*DESCRIPTION OF THE TASK:* Write the data out in full and word for word. Do not include images.

*PROVIDED INFORMATION:*
- - - - -

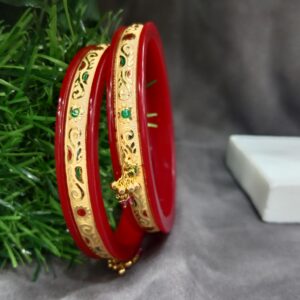 22kt fancy 2pis gold plastic lagan chudi
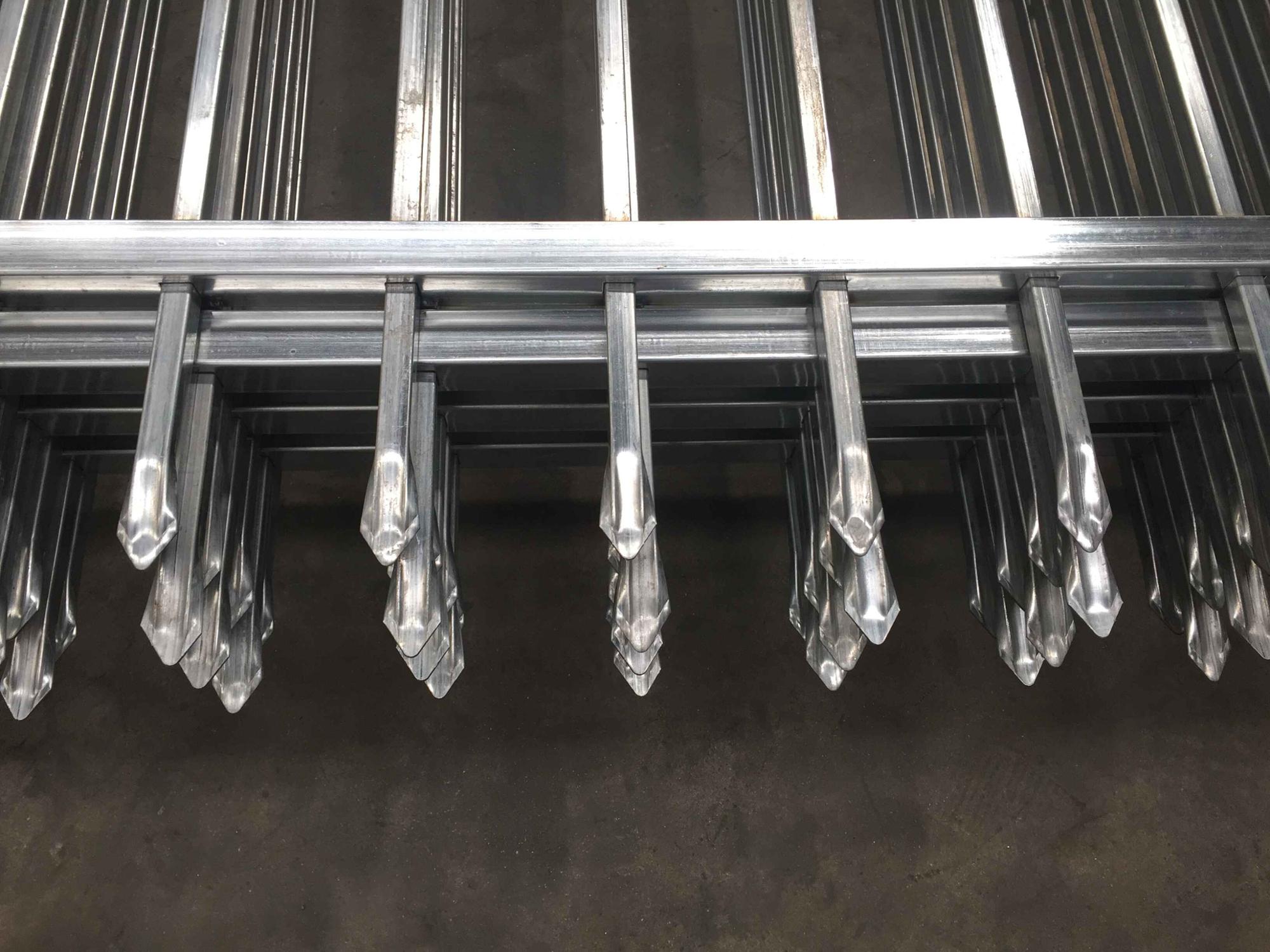 new Garden Security wrought iron fences designs / steel fence panels / decorative garden fence Steel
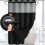 Rideau de douche en polyester imperméable et résistant, 54 x 72 pouces. 4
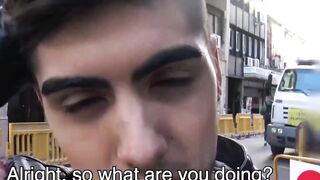 LecheLatinos.com - Handsome Latino takes a raw cock in his ass before getting paid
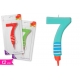 CANDELA MAXI NUMERO '7' ASS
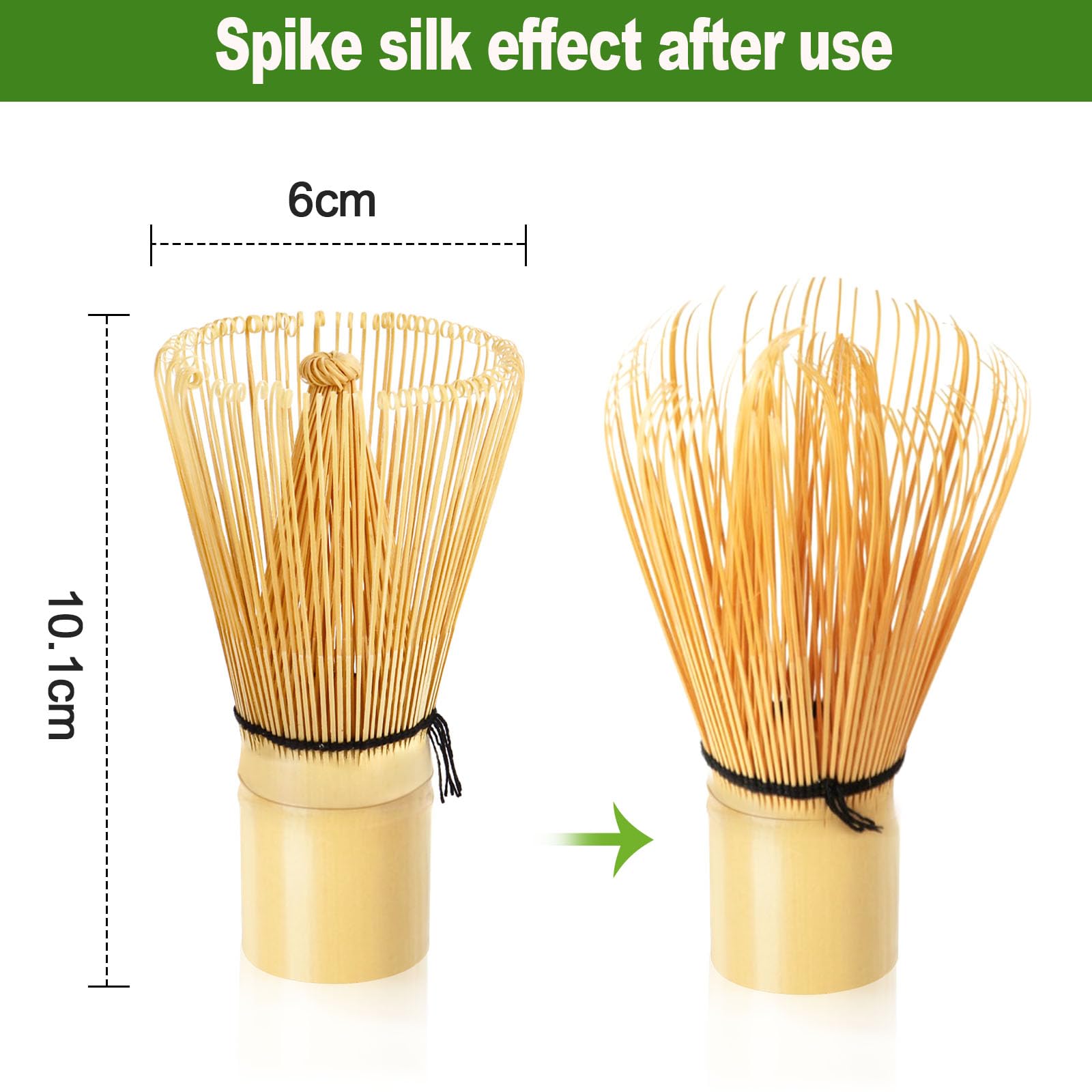 VMUTGA MA-01 Accessorio per Cerimonia del Matcha Giapponese, Frusta al Matcha (Chasen), Frusta in Bambù Naturale Chasen Tradizionale a 100 Bastoncini Matcha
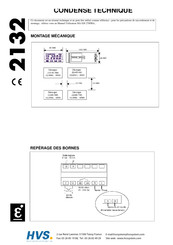 HVS 2132 Mode D'emploi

- - - - -

*ANSWER SECTION:*
 22kt fancy 2pis gold plastic lagan chudi
 new Garden Security wrought iron fences designs / steel fence panels / decorative garden fence Steel
 Rideau de douche en polyester imperméable et résistant, 54 x 72 pouces. 4
 LecheLatinos.com - Handsome Latino takes a raw cock in his ass before getting paid
 CANDELA MAXI NUMERO '7' ASS
 VMUTGA MA-01 Accessorio per Cerimonia del Matcha Giapponese, Frusta al Matcha (Chasen), Frusta in Bambù Naturale Chasen Tradizionale a 100 Bastoncini Matcha
 HVS 2132 Mode D'emploi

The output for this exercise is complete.